Château
Château des Baux-de-Provence
Bouches-du-Rhône, Provence-Alpes-Côte d'Azur
À propos de ce lieu
La famille prétendait descendre d'un roi mage. Leur devise — A l'asard Bautezar, "au hasard Balthazar" — était gravée sur les murs. Leur blason portait une étoile à seize rais, celle de Bethléem. Et sur leur éperon calcaire des Alpilles, à cent quatre-vingts mètres au-dessus de la plaine de Provence, ils avaient bâti l'une des places fortes les plus redoutées d'Europe.
Le castrum Balcium est mentionné dès 975. Mais c'est au XIIe siècle que les seigneurs des Baux imposent leur nom à toute la Provence — vingt ans de guerres baussenques contre le comte de Barcelone, possessions étendues jusqu'au Dauphiné et en Italie, cours poétiques où troubadours et ménestrels chantaient l'amour courtois pour les dames de la maison.

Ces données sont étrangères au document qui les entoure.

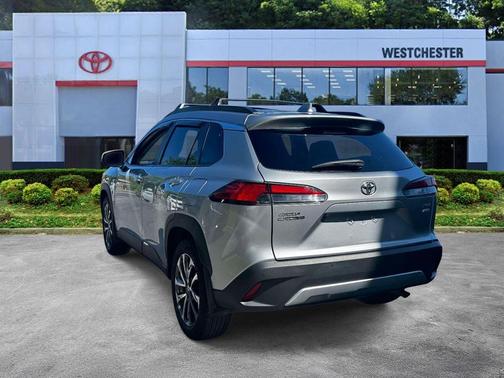 Sonic Silver 2022 Toyota Corolla Cross XLE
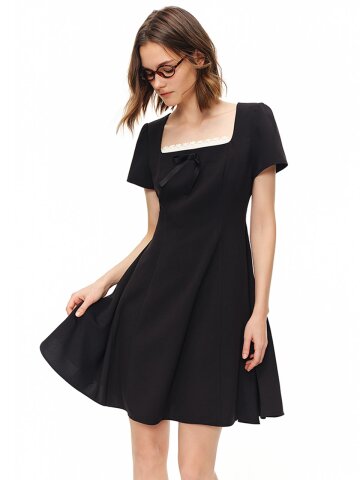 AR_Lace trim square neck dress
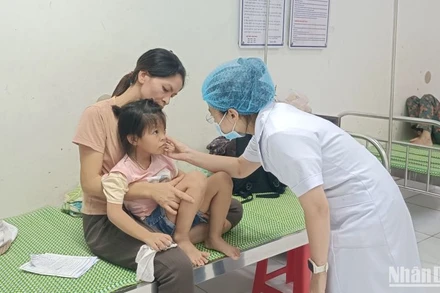 Một trường hợp trẻ em ở huyện Hưng Hà (tỉnh Thái Bình) phải điều trị nội trú do mắc đau mắt đỏ.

La forteresse est à la fois une cour et une machine de guerre. Elle est semi-troglodytique — des pans de murs entiers sont taillés à même le calcaire, comme si la montagne s'était faite château d'elle-même.
Au XIVe siècle, Raymond de Turenne devient le maître des lieux. Neveu d'un pape d'Avignon, il commence comme seigneur docile, combat en Flandres pour le roi de France, en Italie pour le Saint-Siège. Puis quelque chose se brise. Il se révolte contre tous les pouvoirs à la fois — condamné à mort, excommunié, il se moque des deux sentences et rassemble des bandes de pillards qui mettent la Provence à feu pendant douze ans. Il est appelé le fléau de la Provence. Son passe-temps favori, rapportent les chroniques, est d'obliger les prisonniers à sauter du château dans le vide. Leurs hésitations, leur terreur, leurs reculs le font hurler de rire. Les États de Provence mettent sa tête à prix — dix mille florins d'or, mort ou vif. Il meurt en 1413. Personne ne sait où ni comment. Sa tombe est inconnue.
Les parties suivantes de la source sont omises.